→ **Short web captions**:
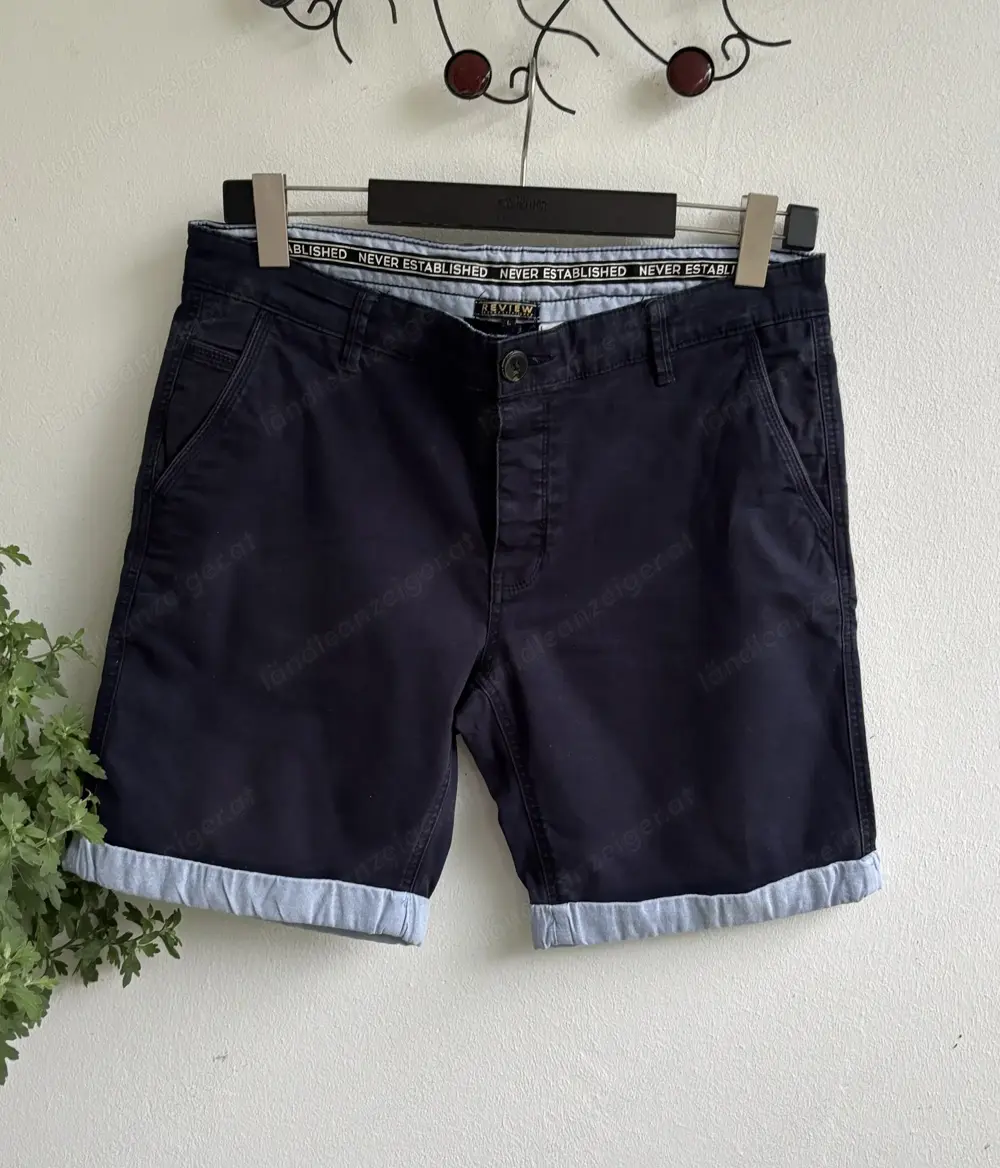 Blaue, kurze Herren Hose von Review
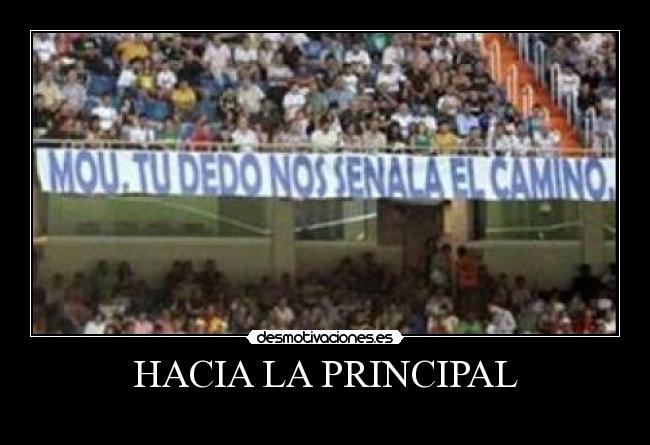 HACIA LA PRINCIPAL - 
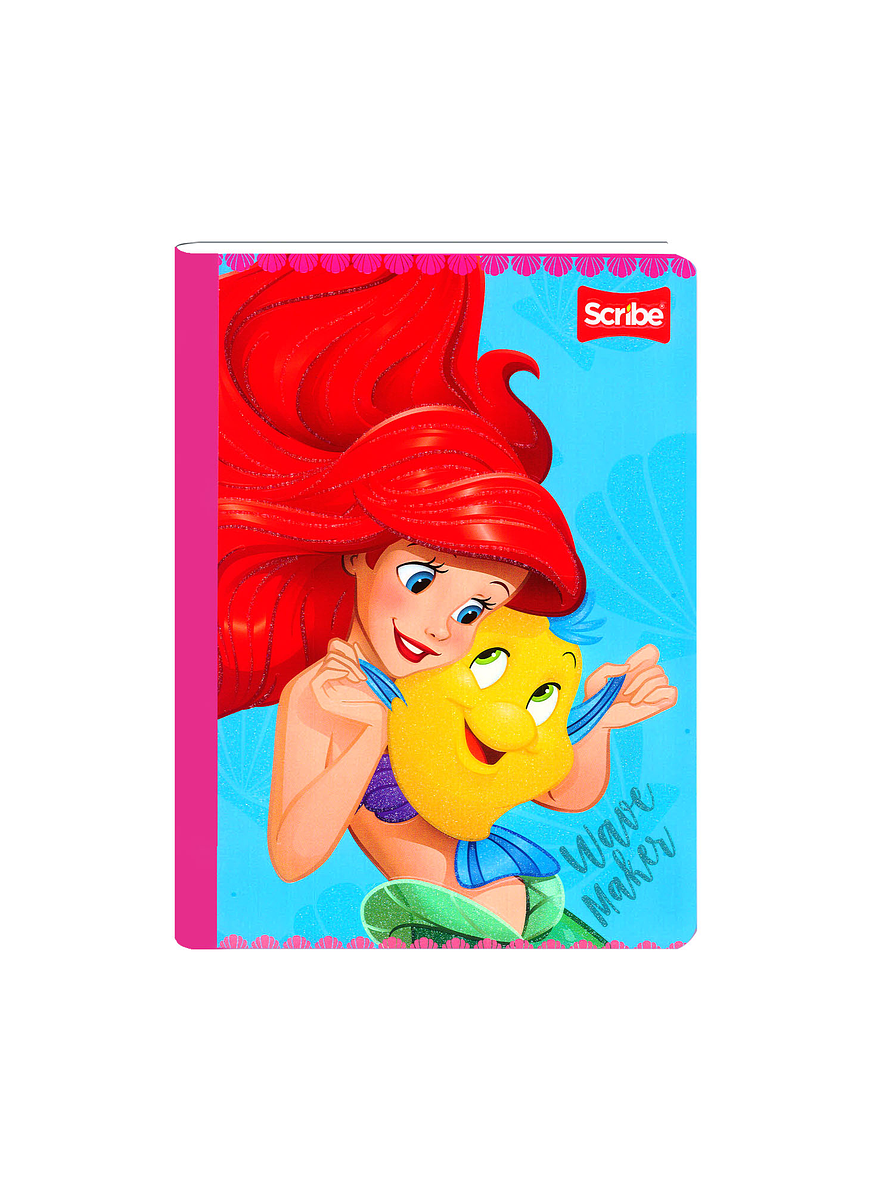 Cuaderno Cosido Princesas 100 Hojas Cuadros 1
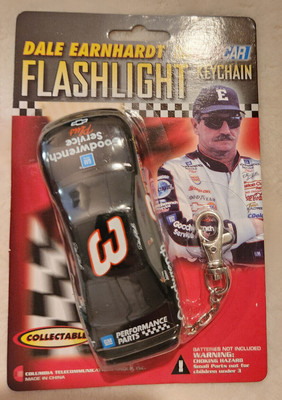 NASCAR Dale Earnhardt # 3 Flashlight Car Key Chain New in Package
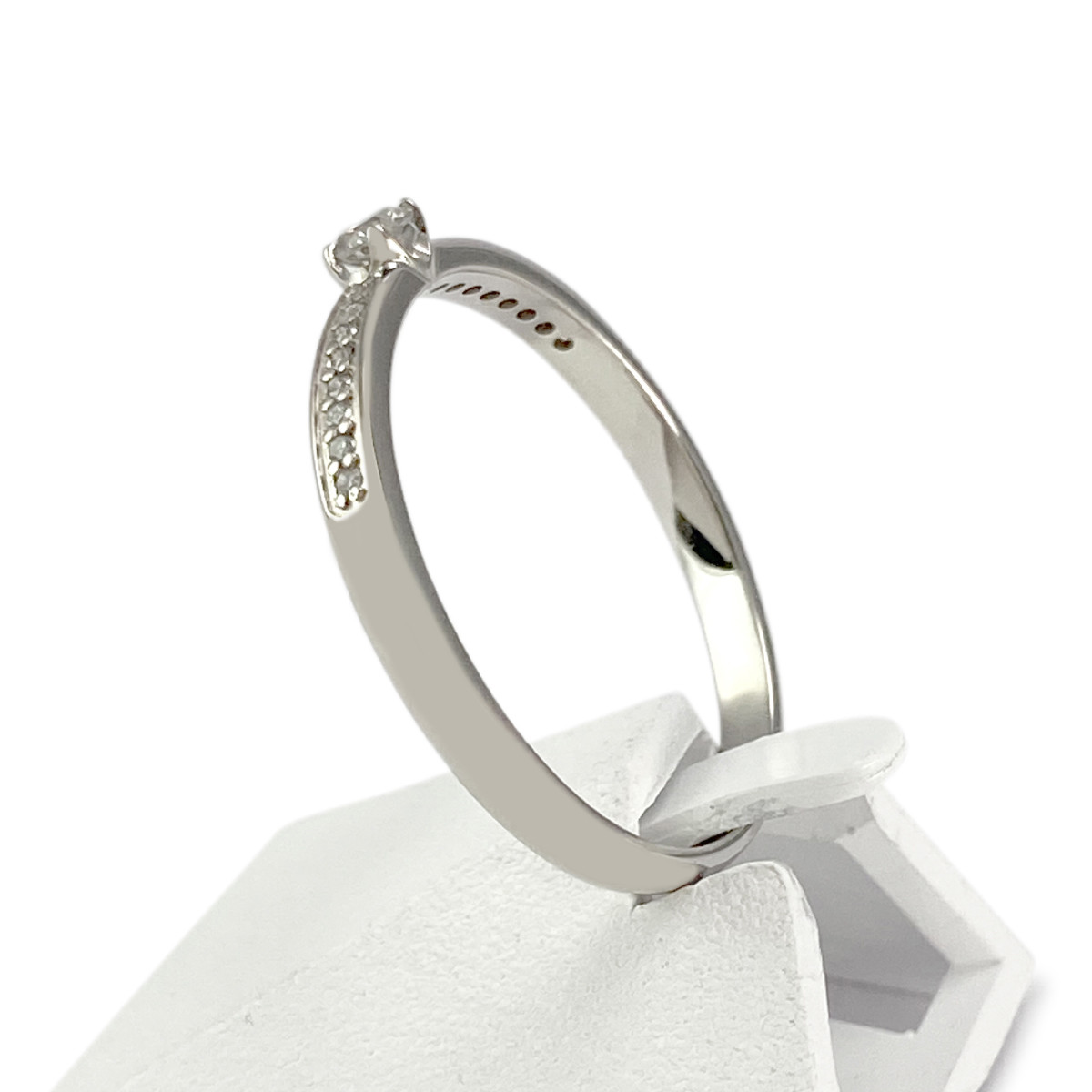 Bague d'occasion or 750 blanc diamant - vue 2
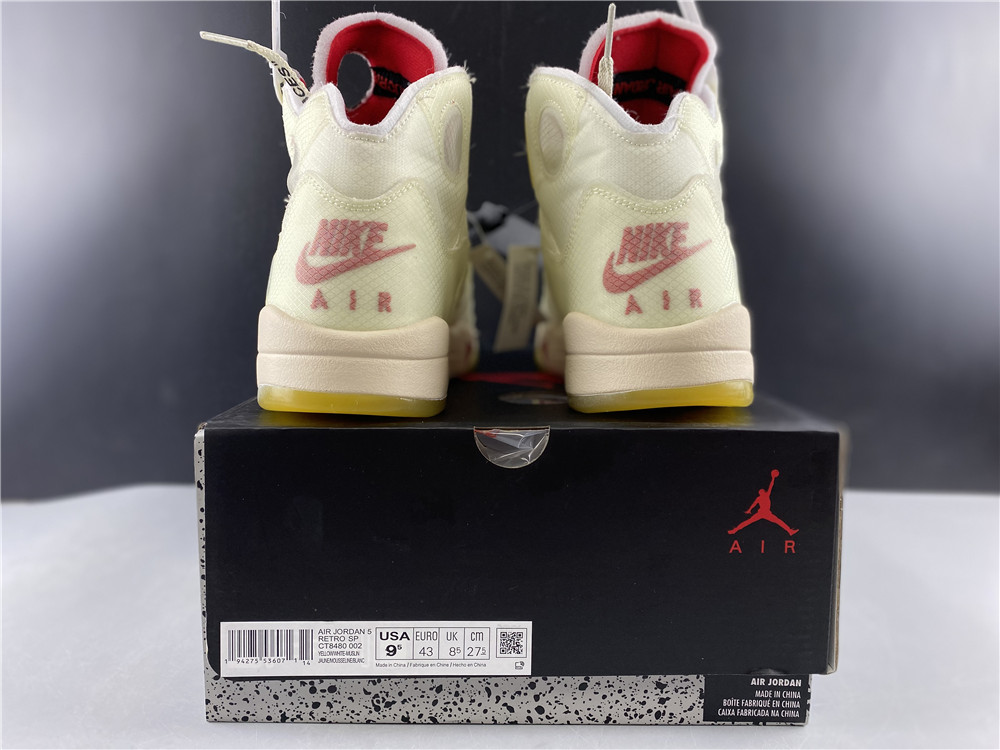 Air​ Jordan 5 x​off white AJ5 ow 3M CT8480-0020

→ **Task instructions**: When pictures appear among the entries, skip them and copy all remaining text precisely.

→ **Task response**:
 Blaue, kurze Herren Hose von Review
 HACIA LA PRINCIPAL - 
 Cuaderno Cosido Princesas 100 Hojas Cuadros 1
 NASCAR Dale Earnhardt # 3 Flashlight Car Key Chain New in Package
 Bague d'occasion or 750 blanc diamant - vue 2
 Air​ Jordan 5 x​off white AJ5 ow 3M CT8480-0020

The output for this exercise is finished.